Mezeolitik Dönem’e Yontma Taş Devri de denilmektedir. (20-15 bin yılları arası): Mezeolitik Dönem küçük taşları da işleyebilmektedir. Estetiği daha gelişkindir. Avcılıkta uzmanlık gelişmiştir. Olta, balta ve zıpkınlar kullanılmaktadır. Köpek evcilleştirilmiştir. Hayvanlar evcilleştirilmiştir. Doğada yabanıl tahıllar bilinmektedir. Sihirsel düşünüş daha fazla gelişmiştir.
Neolitik Dönem’e Cilalı Taş Devri de denilmektedir. Ancak Neolitik, Köy Tarım Devrimi olarakta bilinen, insanlığın hafızasının en gelişmiş form alan çağıdır da. (M. Ö. 15-3 bin yılları arası): Ziraat yapılmaktadır. Çiftçiliğe geçiş yapılmıştır. Evcilleştirme çok gelişmiştir. Küçük çapta da olsa sulamayla tarım yapılmaktadır. Tarlalar açılmaktadır.

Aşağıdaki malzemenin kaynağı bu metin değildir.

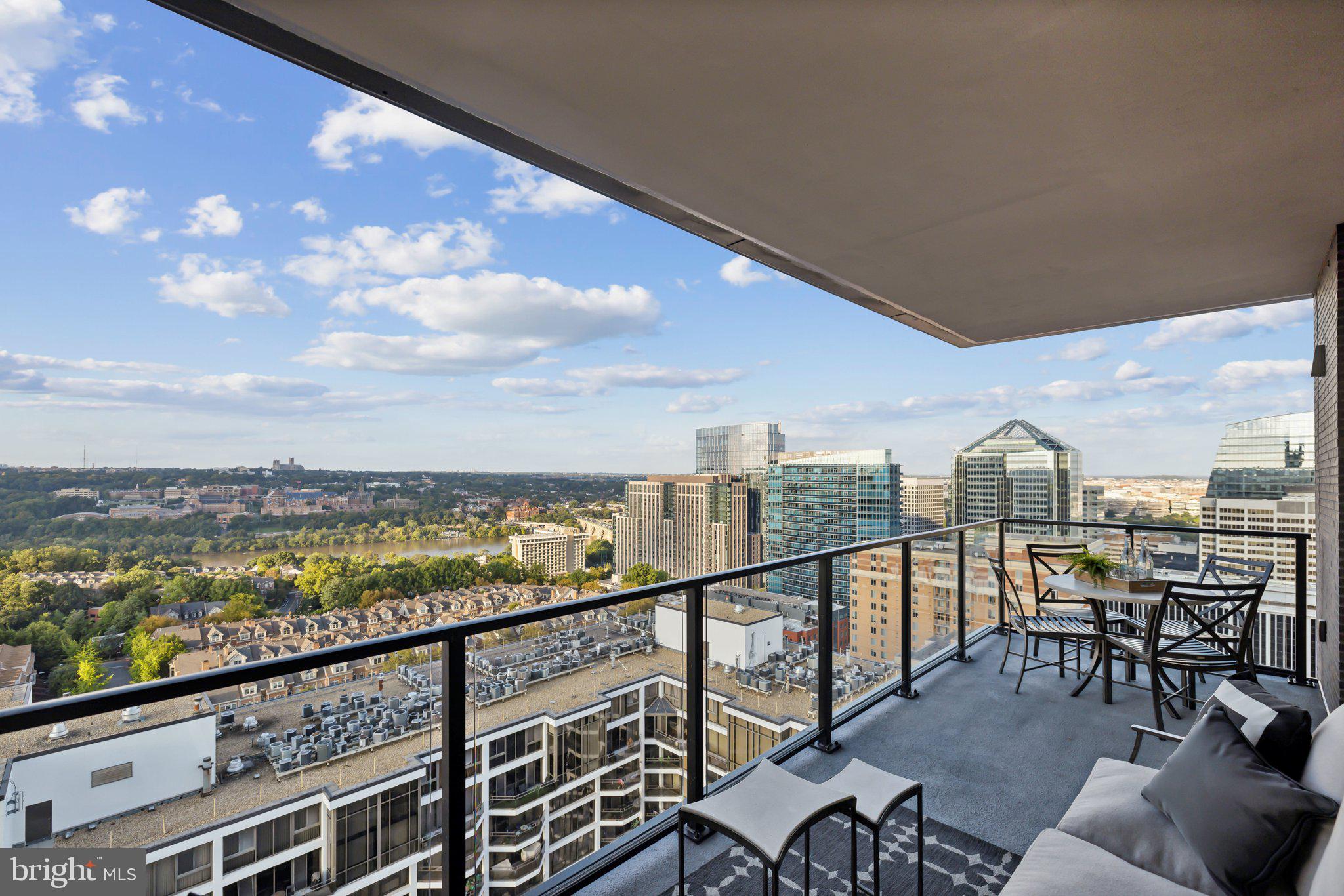 1781 N PIERCE STREET 2003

Çobanlık gelişmektedir. Klandan köy toplumuna doğru oradan da kabile ve aşirete geçiş yaşanmaktadır. Ortakçı düşünce yapısı ve ortak mülkiyet zihniyetinin gelişmiş olduğunu görüyoruz. Toplumsal artı ürün gelişmektedir. İnsanlık tarihinin en büyük icatları bu tarihi sürece denk gelir. Köyden kasabalara geçişin yaşandığı çağdır da.

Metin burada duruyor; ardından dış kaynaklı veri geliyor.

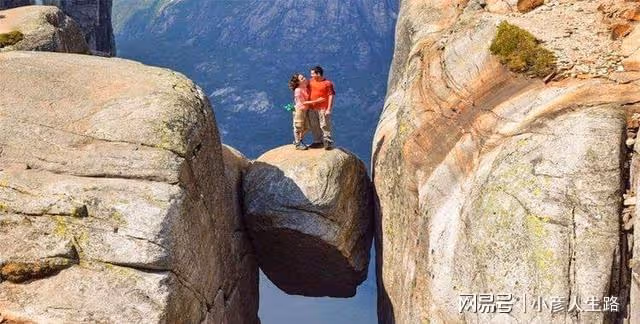世界上這些奇葩的石頭，還有的居然「懸」在空中？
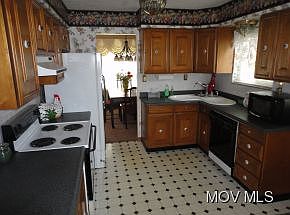 4th image of 1230 Williamstown Pike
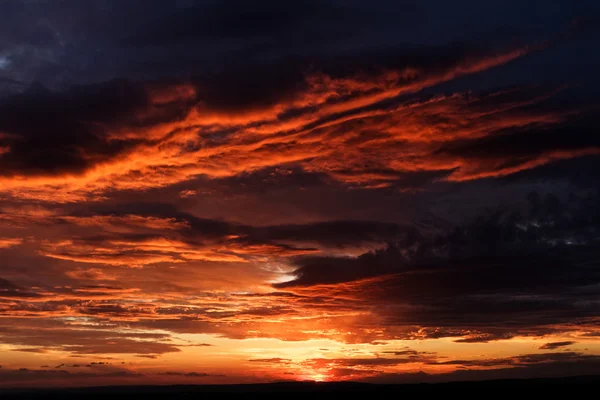 Mooie zonsondergang — Stockfoto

Neolitik dönemde en belirgin olarak öne çıkan Kadın Kültürü’dür. Neolitiğin bir Kadın Devrimi olduğu artık kabul gören bir tezdir. Ana yanlı bir toplum söz konusudur. Yaşam kadın ekseninde şekillenmektedir. Ana Tanrıça Kültürü esastır. İnsan ilişkileri daha eşitlikçi ve özgürcedir. Daha adaletli ve paylaşımcıdır.

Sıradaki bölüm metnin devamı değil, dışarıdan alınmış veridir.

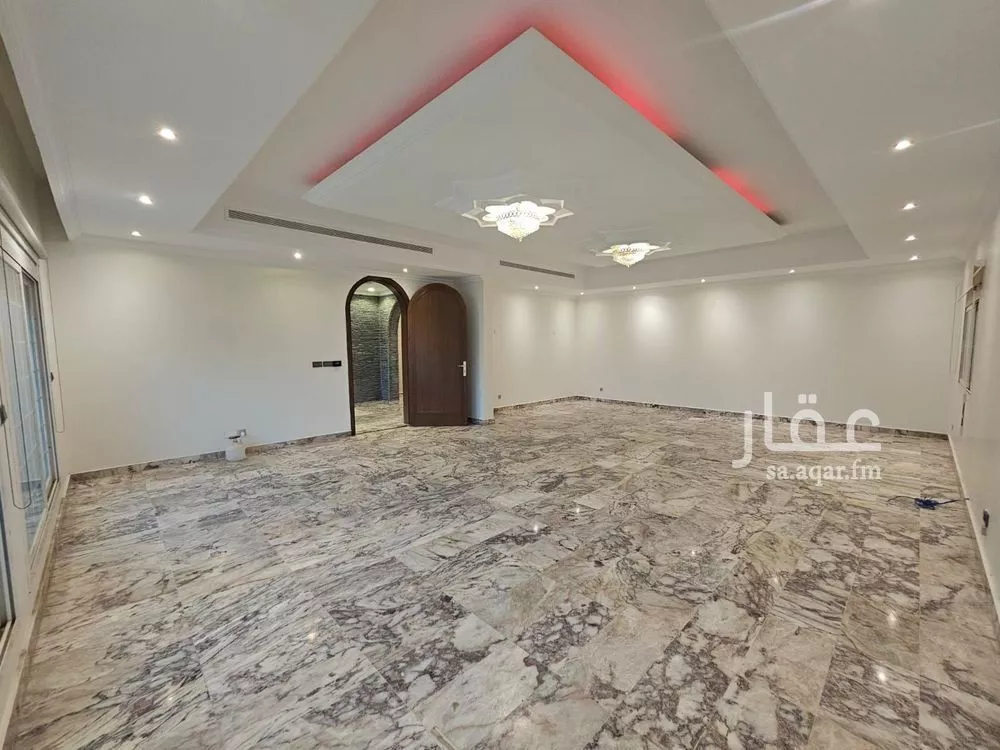5 bedroom villa in Jeddah 4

Neolitik Dönemin icatlarını sayacak olursak: M.Ö. 8. bin yıla geldiğimizde ağırlıklı olarak hayvanlar evcilleştirilmiştir. Tarım için: Değirmen, Dibek, Havan, Madencilik, Çanak-Çömlek, Dokumacılık, Kazma, Saban ve
Yontma Taş araçları icat edilmişlerdir.
Neolitik dönem aynı zamanda tümden bir dil devrimidir. Dilin oluşmasını bizler ilk işaret diline kadar götürecek olursak bu bizleri milattan önce 40-50 bin yıl öncesine götürebilir. Ancak dilin en somut geliştiği tarihi süreç neolitik çağdır. Dil gurupları giderek neolitik dönemin sonuna doğru ayrışacaktır. Kürdistan’da Ari diller esasta bu süreçte gelişeceklerdir. Gordon Childe’nin belirttiği: “Neolitik Devrim bir kültür çağıdır. Tüm tarımsal, zanaatsal, ulaşım, barınma, sanat, yönetim, din alanlarında devrim niteliğinde gelişmeler yaşanmıştır dediği çağ esasta bu çağdır. Prof. Dr. Hauptmann’ın: “Bu bölge Avrupa’da olsaydı, dünyadaki yankıları büyük boyutlarda olacaktı
dediği yer yine Kürdistan’dır ancak, oluşum süreci ise Neolitik Çağdır. Braidwood’un, “Dünyanın hiçbir yerinde yaşam Toros-Zagros dağ silsilelerinin kavisli eteklerindeki yaşam kadar anlamlı olamaz dediği yer yine bu
mekanlardır. Alman arkeolog Klaus Schmidt, gördüklerinden duyduğu heyecanı “Çayönü’nde o günlerde bilim tarihi yazılıyordu diyecek kadar coşkuyla yer altında çıkarılan arkeolojik bulguları karşılayacaktır. Aynı Klaus Schmidt’in hem eleştiren hem de hayıflanarak: “İçinde İncil isimlerinin geçmemesi ve sansasyonel buluntular sunmaması nedeniyle bu topraklarda hak ettiği ilgiyi görmeyen birçok arkeolojik bulguya işaret ettiğini de belirtelim.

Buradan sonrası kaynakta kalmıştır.